Provide large amounts of content in the game itself (Final Fantasy)
Make the content reusable, enhancing replay value (Gran Turismo)
Make experience dependent on interaction with other human players (Quake)

These approaches do not work well for Massively Multiplayer Online Games (MMOG) where players pay a monthly subscription fee to participate in the game. Since it only takes a player around one month to consume 100 hours of content, MMOG developers have tried to frequently update the interactive content of their games to keep players subscribing. This approach is costly as new content must be developed on short time scales.

This paper describes the challenges behind creating the Second Life MMOG. Second Life makes the game players responsible for creating and modifying in-game content. The problem that the paper addresses is: How can we scale an online world to support tens of thousands of players and hundreds of thousands of objects at one time such that all of the players have a consistent view of the world around them, and can interact with each other by modifying the world collaboratively in real-time?

The authors address the above problem by using two techniques. First, the authors divide the world up into square tiles of 16 acres in area.

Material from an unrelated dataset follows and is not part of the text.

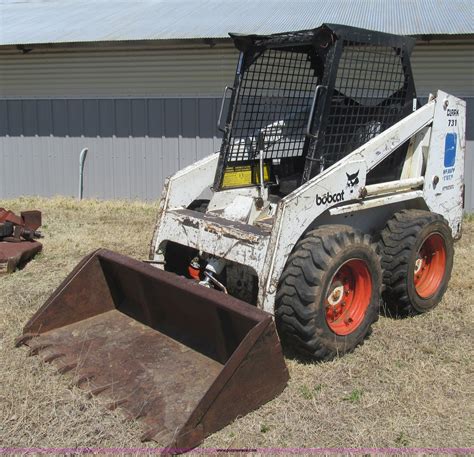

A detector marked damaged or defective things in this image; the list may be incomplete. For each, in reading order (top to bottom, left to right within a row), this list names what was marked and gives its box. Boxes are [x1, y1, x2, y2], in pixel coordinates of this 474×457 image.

Each tile represents a simulation (or 'sim') running on a single server that simulates the physics, manages all objects, behaviours, terrain and player actions in the tile. Each sim is targeted to manage around ten thousand objects. As players and objects move around the world their in-game representations are transfered from server to server as they cross tile boundaries. Servers only communicate with their four neighbouring servers. This solves the scalability problem for Second Life; in order to grow the world the developer only need to add more servers to the grid.

In order to solve the problem of distributing in-game content to the players in real time, the authors decide to use streaming. Players play the game using a small (~10MB) 'world viewer' application. All information about the world (audio, video, geometry, textures) is streamed to the viewer application; none of the content is actually stored on the players machine. As players move around the grid they maintain streaming connections only to the servers that they are near.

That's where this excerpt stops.